Then name some cases. Justify the necessity of having this functionality in the same way that other features are justified. Or are you simply wanting to have a feature simply to have it? That kind of thinking leads to a hardware nightmare, where you just add an opcode because it sounded like a good idea at the time, rather than evaluating the need for a feature.

If you tell me that an entire class of advanced rendering techniques would use this functionality, and without it they would run 20x slower, and that they are crucial towards the ultimate goal of photorealism, then there is sufficient justification for adding the feature. If you can’t do that for this feature, then there is no point in having it.

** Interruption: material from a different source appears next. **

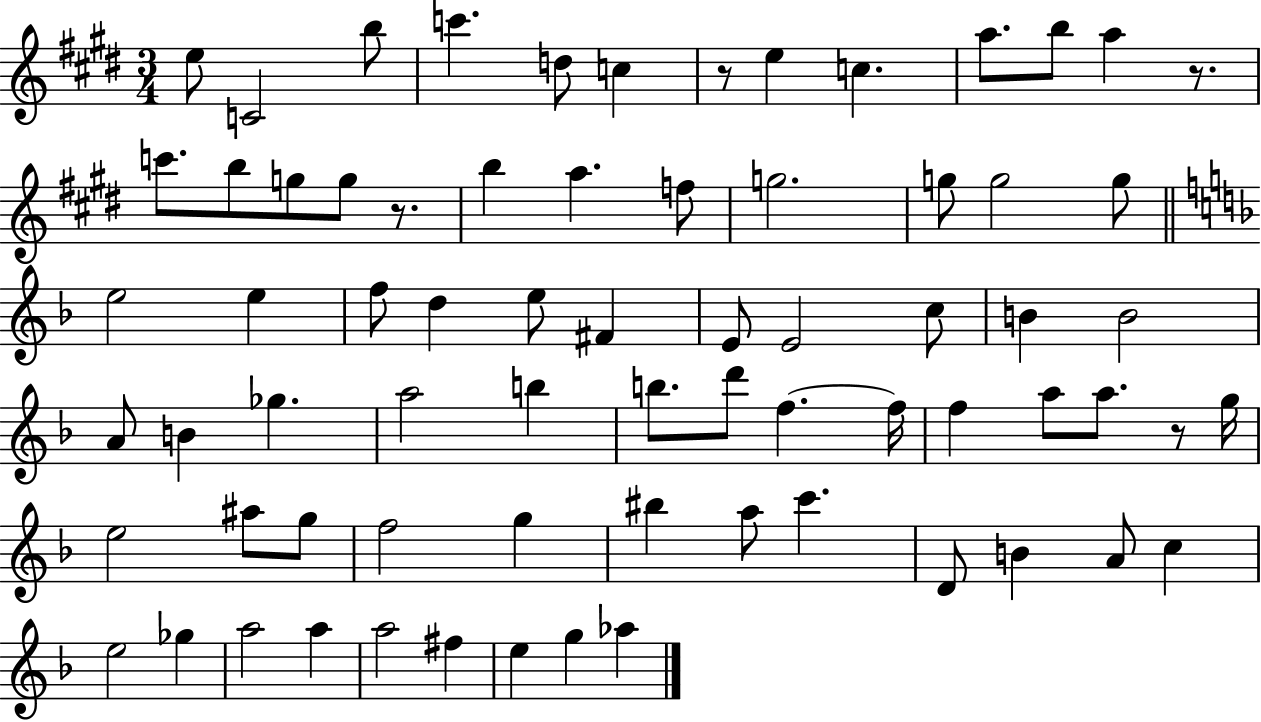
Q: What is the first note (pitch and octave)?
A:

Because what we have doesn’t support high-precision blending.

Which hardware developers have promised to provide in the future (NV40/R420). So that point is moot.

What we have doesn’t support exponential light decay based on thickness (obtained by having the ability to read depth or stencil buffer of current pixel in fp).

Which, of course, could be passed in as the “alpha” given the above operations. So, once again, hardly a necessity.

What we have doesn’t support using a different blend equation for color and alpha, or for each color channel.

How useful is this, compared to what you already have? And how often will this functionality be required?

Also, EXT_blend_func_separate exists, so at least RGB and ALPHA can be blended separately. Said functionality could be extended to offer independent RGB blend functions.

An analogy for you: Ability to do blending by reading frame/depth/stencil buffer from fragment program is to the current blending model as fragment programs are to register combiners. The former is completely general whereas the latter is nothing more than flipping a few hard-wired switches.

That’s not justification; that’s explaining the current situation. Also, it presupposes a certain state of mind: that fixed-function is always bad, and that programmability is always good. This is not the case for all fixed-functionality. Should we start ripping out bilinear/trilinear/anisotropic filtering operations and just let the fragment shader do it? It can, so why waste the hardware? Except for the fact that the texture unit will always be much faster at it than a fragment program.

The justification for fragment programs is pretty obvious; a programmable model is needed in order to support the flexibility of modern and advanced graphics needs. Virtually any advanced graphics application will need fragment programs.

Most of these applications will be just fine with the regular alpha blending ops.

I’m just asking questions that hardware developers ask. No more, no less. It is precisely these questions that lead to hardware vendors telling Microsoft to remove the feature from DX Next.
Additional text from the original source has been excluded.